Leakage and delay variation with threshold voltage.

Figure 9.24. Leakage and delay variation with threshold voltage.

Small variations in threshold voltage lead to substantial changes in leakage, but relatively minor changes in performance. For example, an 85mV decrease in VT might lead to 10% improvement in drive current, at the cost of a 10× increase in leakage in a typical 0.13-μm process.

Deterministic versus Random Variability

Variability can be considered at several levels of IC production: lot-to-lot, wafer-to-wafer within a lot, die-to-die within a wafer, and within a die. The first three are often grouped together as interdie variation, whereas the last is referred to as intradie variation. Process engineers spend significant time analyzing sources of variability. They check for variation in localized test structures (e.g., ring oscillators or specially designed transistors) and compare properties visually. Examples of silicon properties that might vary include transistor line width, roughness of line edges, and the thickness of layers such as metal, dielectric, and polysilicon.

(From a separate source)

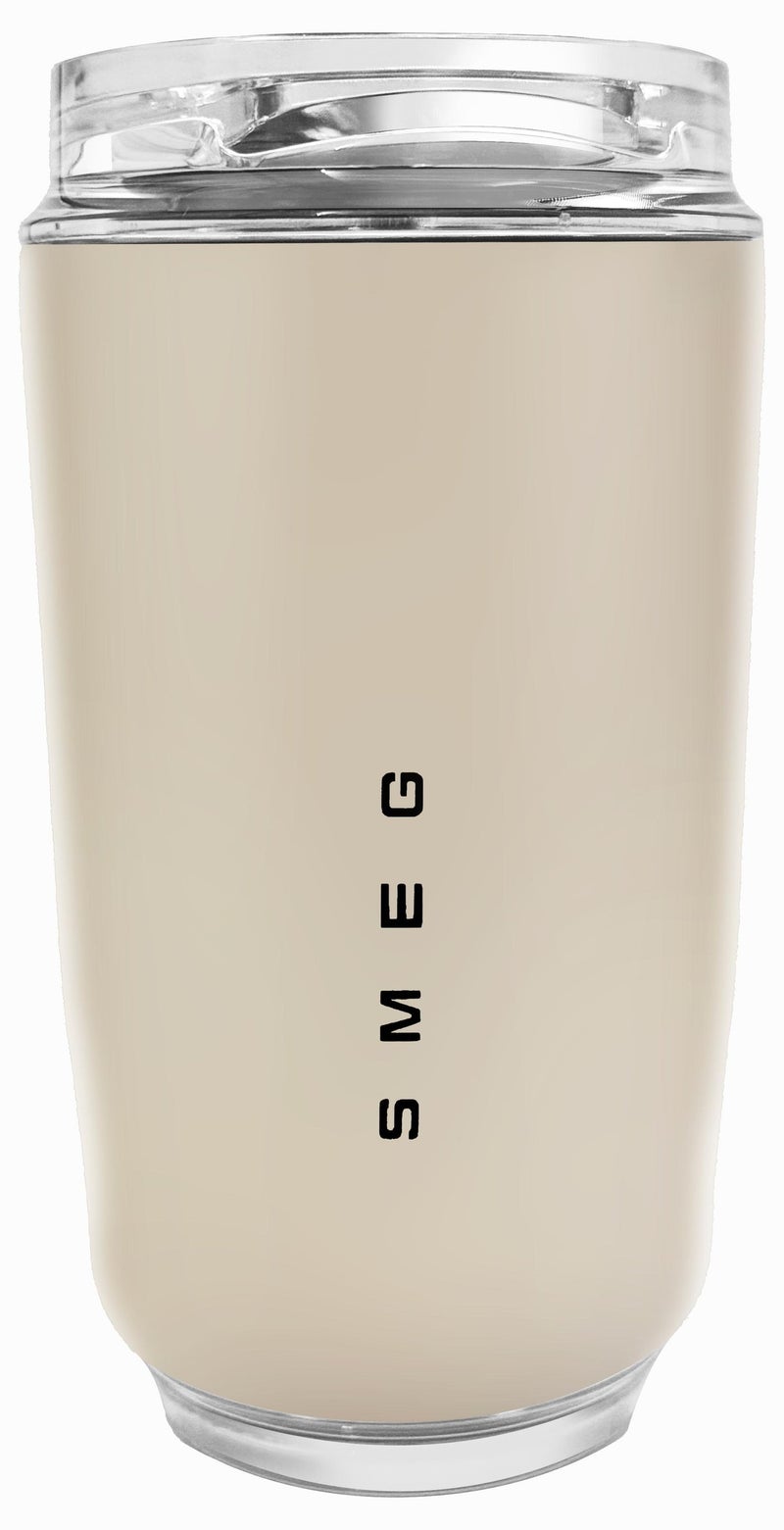 smeg Travel Coffee Mug, 320ml Insulated Beverage Cup With Leakproof Lid, Long Lasting Coffee Tumbler With Lid And Straw, Travel Coffee Thermos cream Beige - Image 1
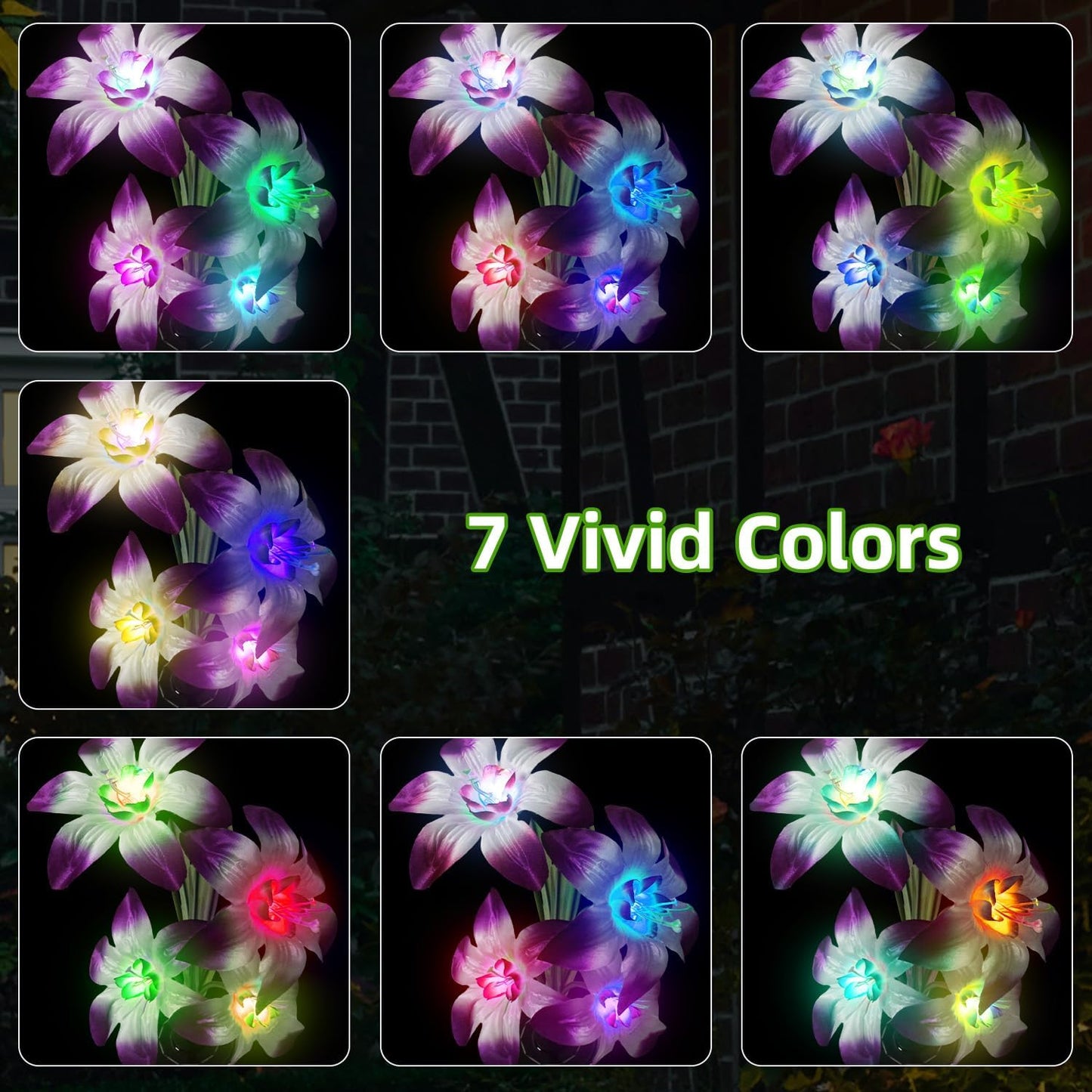 Solar Flowers Lights - Solar Garden Lights Outdoor Waterproof Lily Flower, 40 Hours Color Changing Solar Powered Outside Decor Decoration for Yard Patio Pathway Lawn, Gifts for Mom, 2pcs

Figure 9.25 shows an example of a property varying on a reticle-by-reticle basis. In this case, the property (e.g., line thickness) is at its strongest in the upper left die of each 2 × 2 reticle and at its weakest in the lower right die. Figure 9.26, on the other hand, shows a property that varies on a wafer-by-wafer basis, so that it is strongest in the center of the wafer and then progressively weaker as it works outward. Notice that the variation is not absolutely equal in all directions. Other factors (such as measurement accuracy and random effects) can also influence these results.

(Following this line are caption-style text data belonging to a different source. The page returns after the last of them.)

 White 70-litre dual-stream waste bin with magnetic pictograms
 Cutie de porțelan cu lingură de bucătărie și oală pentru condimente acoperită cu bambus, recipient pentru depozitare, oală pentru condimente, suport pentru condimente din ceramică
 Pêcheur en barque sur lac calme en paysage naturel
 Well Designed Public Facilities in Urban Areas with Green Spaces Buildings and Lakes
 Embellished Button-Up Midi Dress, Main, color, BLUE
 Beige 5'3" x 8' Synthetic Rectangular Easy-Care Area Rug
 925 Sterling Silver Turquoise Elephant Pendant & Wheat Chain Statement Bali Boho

Reticle-based variability (2 × 2 die per reticle).

Figure 9.25. Reticle-based variability (2 × 2 die per reticle).

Wafer-based variability example (property varies radially from center outward).

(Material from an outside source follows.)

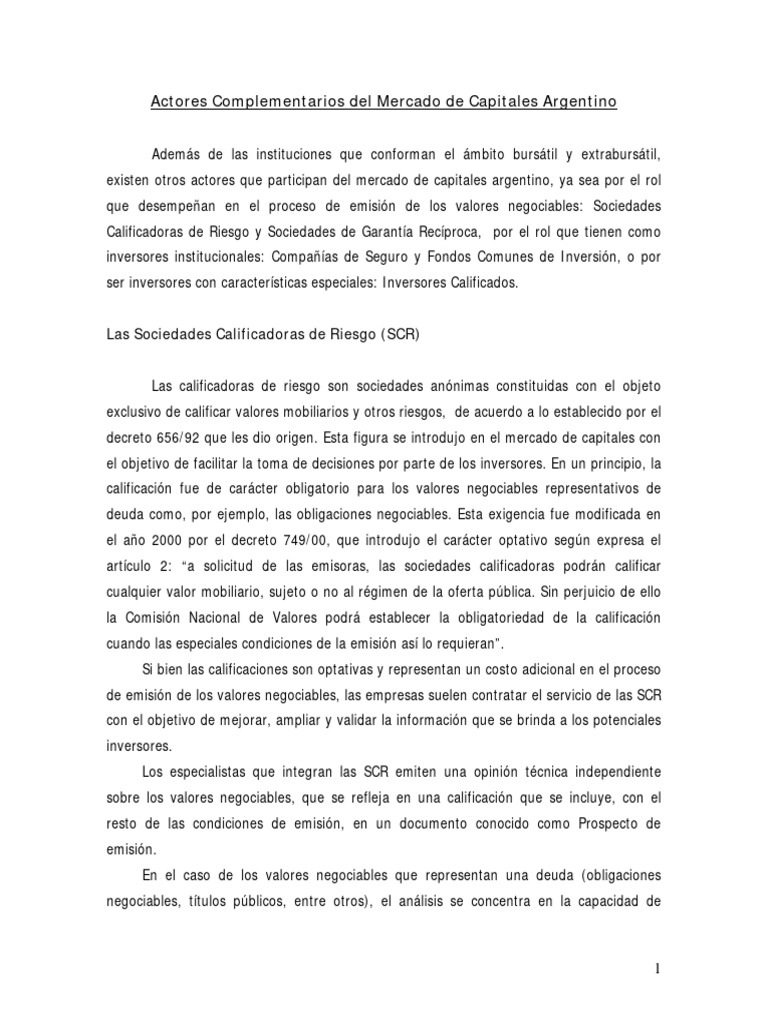 Actores del Mercado de Capitales Argentino | PDF | Seguro | Pensión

Figure 9.26. Wafer-based variability example (property varies radially from center outward).

Wafer-level variability is not always perfectly centered. It may originate in one region of the die, as shown in Figure 9.27, or follow stripes or bands, or any of a myriad of other possibilities depending on the physical and chemical phenomena underlying the variability. See [Campbell 2001] for additional discussion.

Wafer-based variability example (property varies radially from one region outward).

Figure 9.27. Wafer-based variability example (property varies radially from one region outward).

Variability versus Defectivity

As discussed previously, variability at some point can be so extreme that it becomes defectivity (a term meaning “manifestation of defects”). For example, if via resistance becomes too high, current passing through wires will simply fail to function at the circuit’s rated speeds. There is no predefined point where a given property passes from variation to defect; the choice is fab dependent, design dependent, and in some cases application dependent. When deciding whether variation is caused by a defect or the result of simple variation, “neighborhood” context is sometimes used. This is shown in Figure 9.28, which modifies Figure 9.27 slightly to show how some extreme measures are more likely than others to be the result of defects. For additional information, see [Madge 2002] and [Maly 2003].

Defects versus variability example.

Figure 9.28. Defects versus variability example.

Putting It All Together

New issues in manufacturing are requiring visibility earlier in the design cycle. It is no longer sufficient to assume that adjustments for optical effects can be made after tapeout on DRC clean layouts. Neither can designers assume that the physical effects of implant variation are negligible in memory design nor that the measurement environment and equipment have no influence in design timing. As a result, designers must consider a multiplicity of factors as part of optimization.

For physical IP designers, this means developing methodologies and metrics to take into account yield, manufacturability, and test, to ensure that tradeoffs can be made correctly. For example, doubling contacts improves yield caused by contact failures but increases critical area, thereby reducing yield caused by metal shorts, and the extra capacitance added will lower performance and may even increase sensitivity to variability in the transistors. Effective design in these circumstances requires the ability to quantify and measure all these criteria.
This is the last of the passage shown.